Trout in almond coat & creamy leek


 

Ingredients:
(for 2 people)
For the fish
- 1 trout, about 350 gr
- 1 egg
- 10 almonds
- flour (I take spelt)
- 1 tbsp cream
- 2 tbsp butter (or 1 butter, 1 coconut oil)
- parsley to decorate
For the veggies
- 2 leek
- 1/3 cup sour cream
- 2 tbsp butter
- (pastis, if you like)

Preparation:
Fish
- filet the trout; take out the bones (I use a pair of tweezers that I reserve for kitchen use). Prepare flour; ground almonds (I use wax paper to spread flour and almonds, separately). Coat filets on both sides with flour.
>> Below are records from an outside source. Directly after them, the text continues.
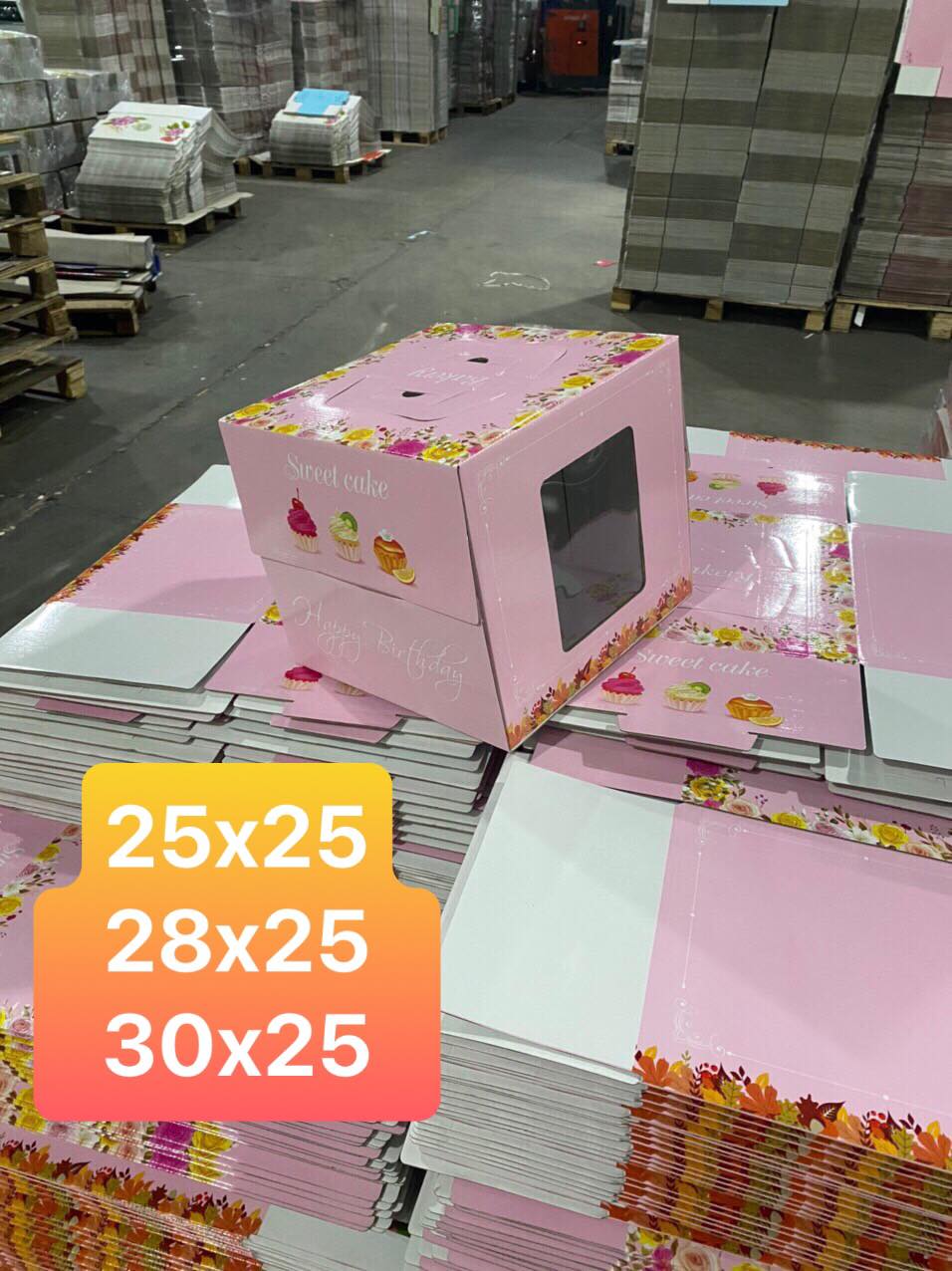 [kèm đế] 10 hộp size 25x25x25, hộp đựng bánh sinh nhật, hộp bánh sinh nhật giá rẻ - Bảo Ngọc Store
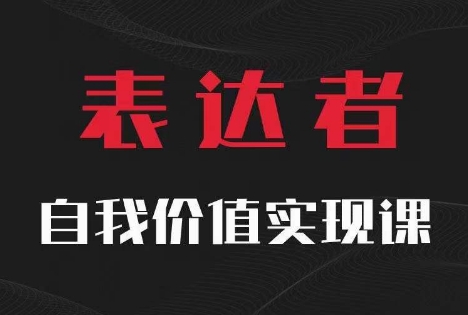 【表达者】自我价值实现课，思辨盛宴极致表达-test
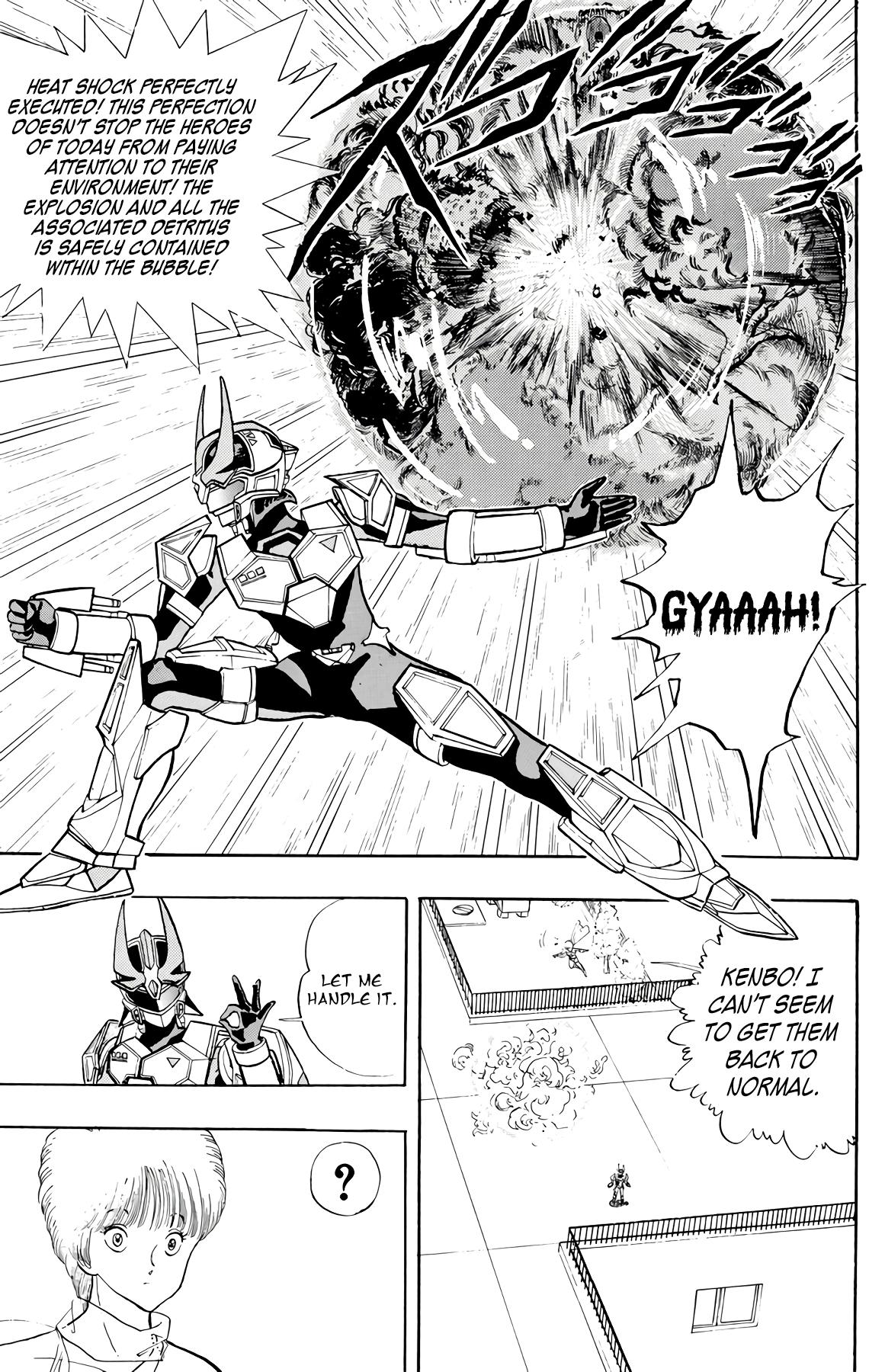 Wingman Chapter 71 - Page 19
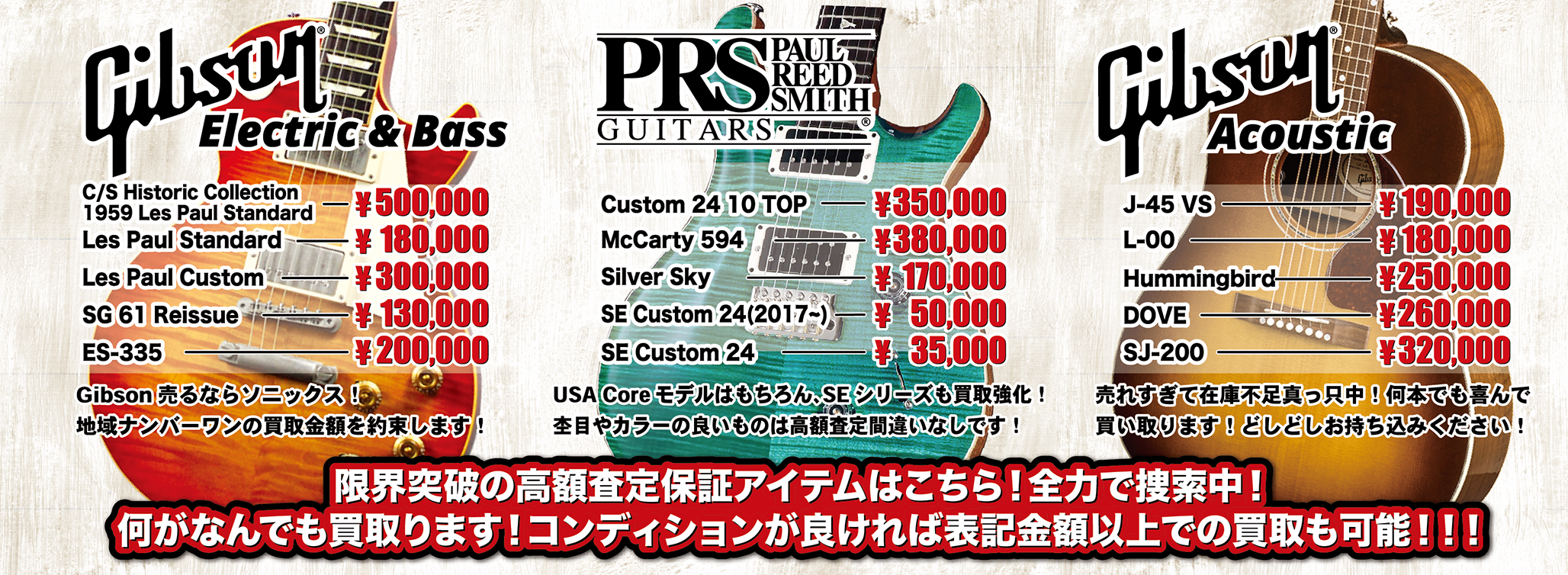 浜松 楽器 買取 キャンペーン 割増 LINE査定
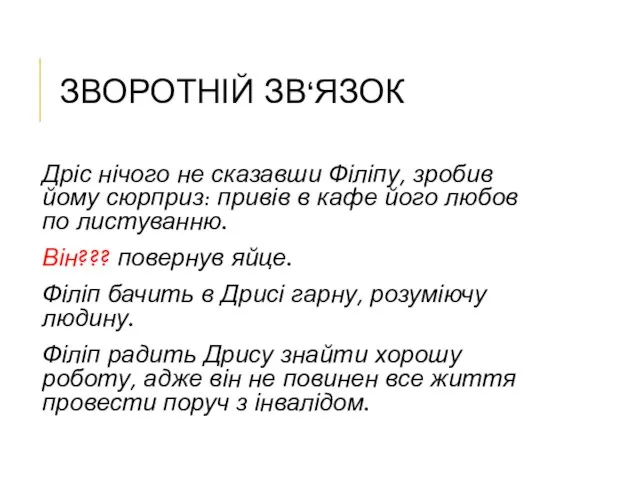 ЗВОРОТНІЙ ЗВ‘ЯЗОК Дріс нічого не сказавши Філіпу, зробив йому сюрприз:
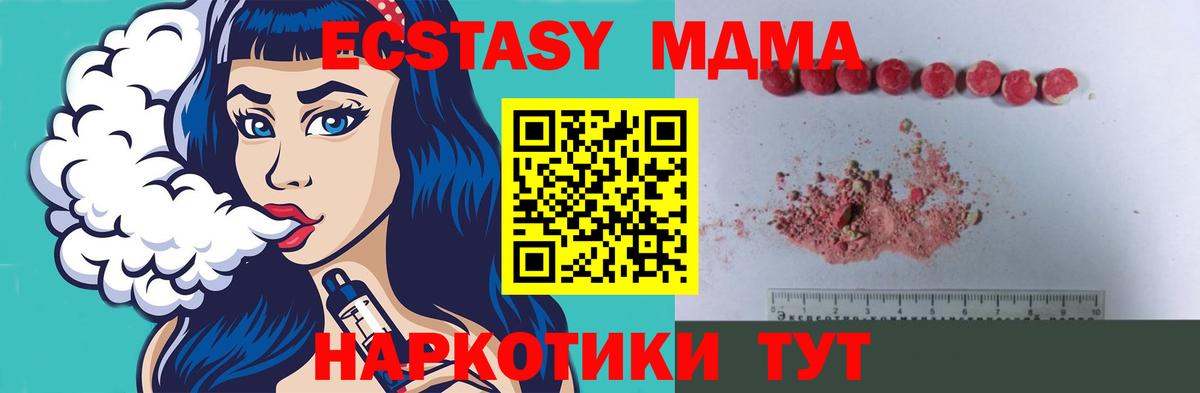 МДМА молли Дивногорск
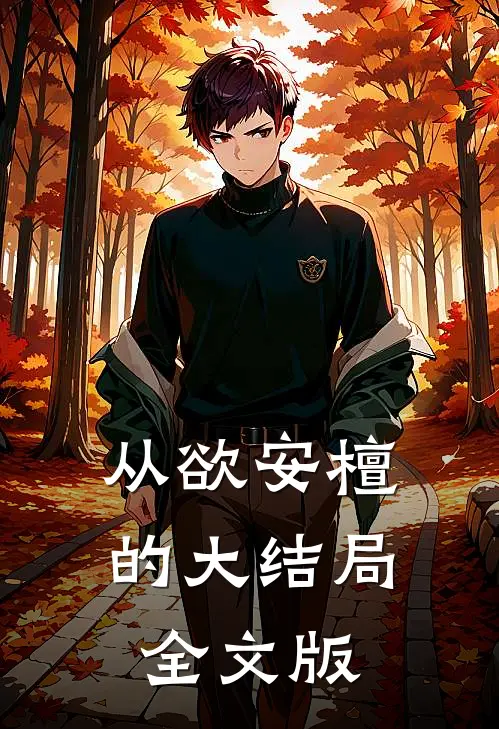 从欲安檀的大结局全文版
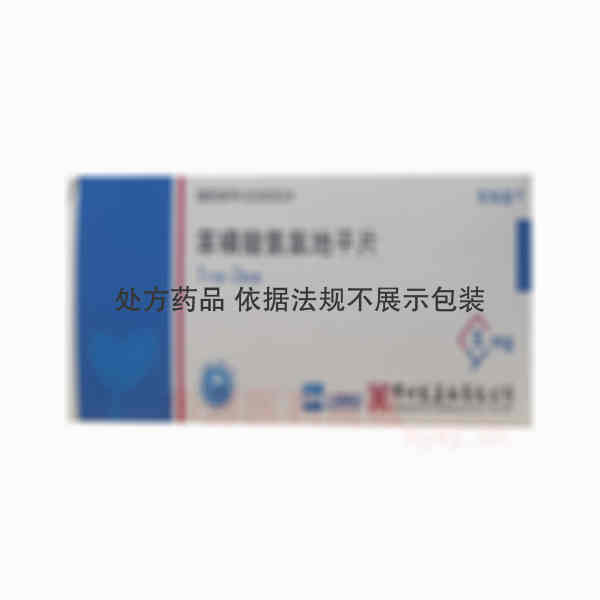 优选 苯磺酸氨氯地平片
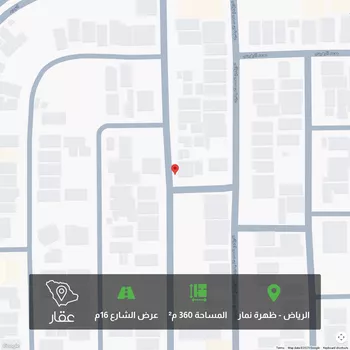 أرض للبيع في شارع محمد الصديقي ، حي العوالي ، الرياض ، منطقة الرياض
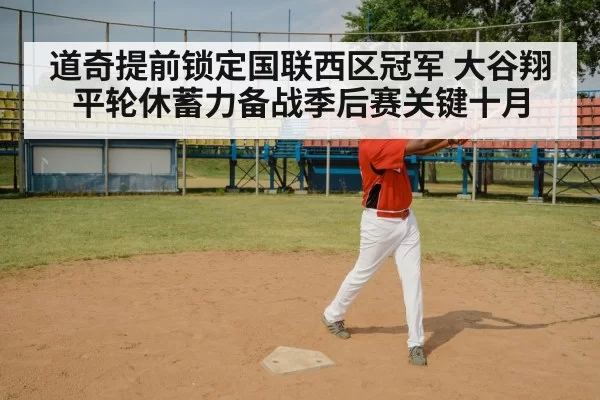 baseball batter swing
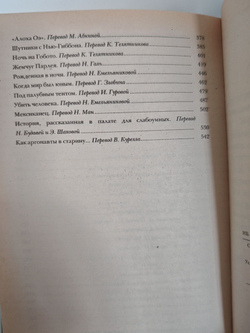Джек Лондон. Собрание сочинений в 4 томах. Том 1. Рассказы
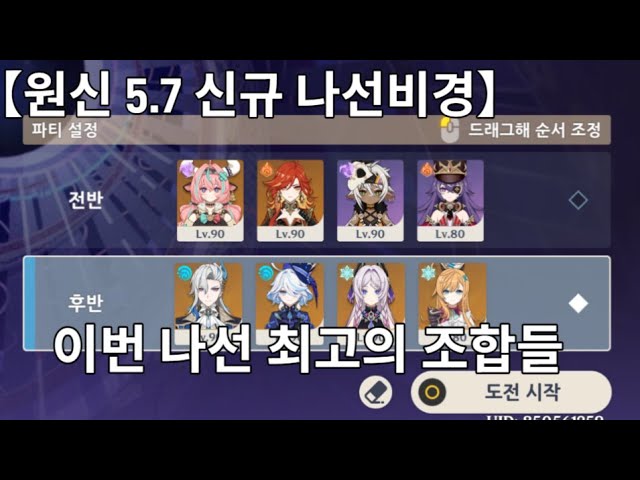 [최신] 원신 나선 비경 최강 팀 조합 총정리 (36별 공략)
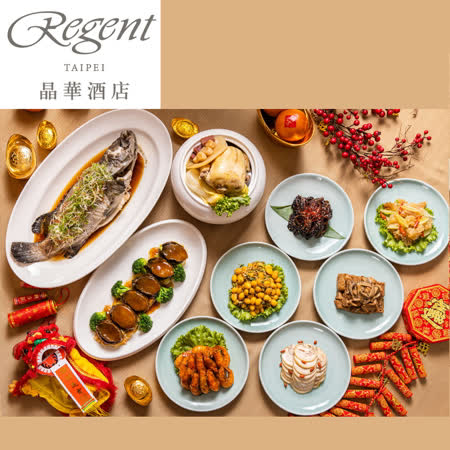 1.本商品以提貨券形式寄出，顧客須自行至所配合取貨的遠東百貨(全省)提貨，恕不宅配，下單前請務必確認取貨地點再下單。2.無法預先指定其他取貨日，請務必確認取貨期間再下單。3.食品類產品是經客戶付款後才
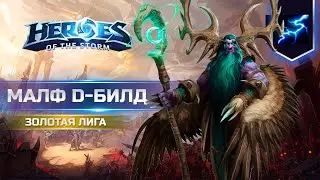 Малфурион и 2 прокастера на Вечной битве | Золотая лига Heroes of the Storm #heroesofthestorm #hots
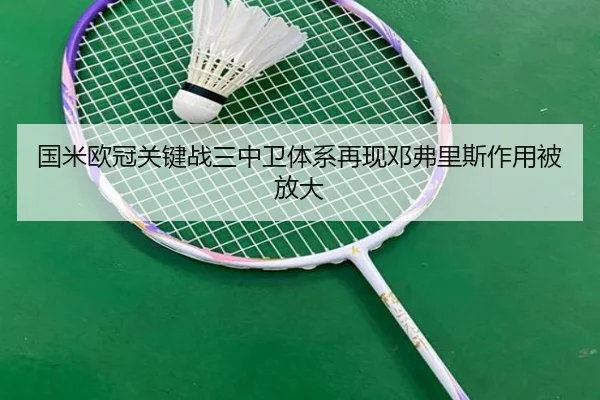 国米欧冠关键战三中卫体系再现邓弗里斯作用被放大 - BAJIESPORTS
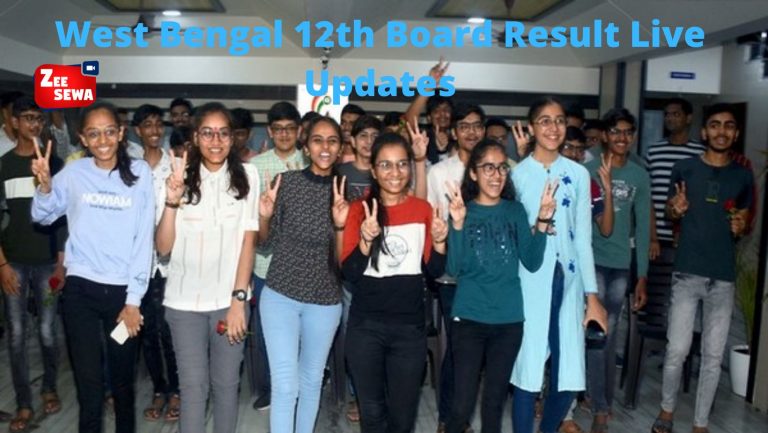 West Bengal 12th Board Result Live Updates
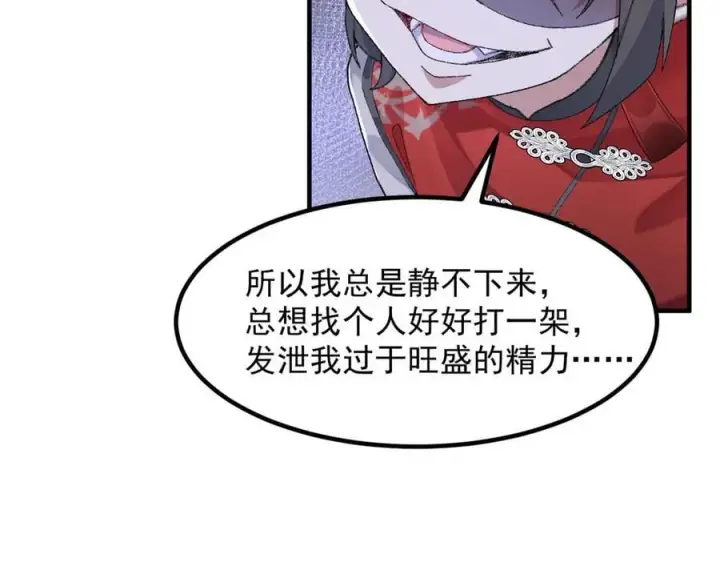 《二师兄是个凡人却很强》96全军出击图59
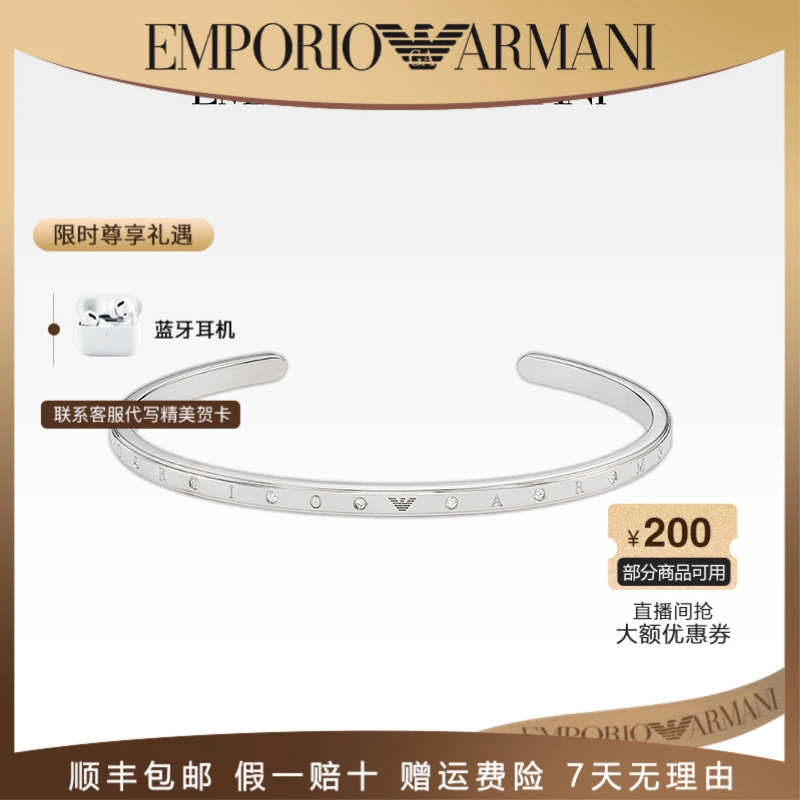 Emporio Armani/安普里奥·阿玛尼 不锈钢手镯 手链女EG3568040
Beat egg with cream. Use forks to lift filets, turn in egg/cream mixture. Turn in almonds. Heat pan, place fat, fry fish golden brown and until done on the inside. Serve with parsley
Veggies
- cut leeks in thin slices; heat pan, place butter, then sautee leek until soft. Add cream and heat through until it becomes firm again. If you like, add a spoon or two of pastis, heat until all has evaporated.

 

Taste notes:
This is delicious. Trout with almond is a classic. The leek is creamy, and if you like pastis, then you really will like the combination with leek. (I served it after returning from a one-week trip. Nice home coming.)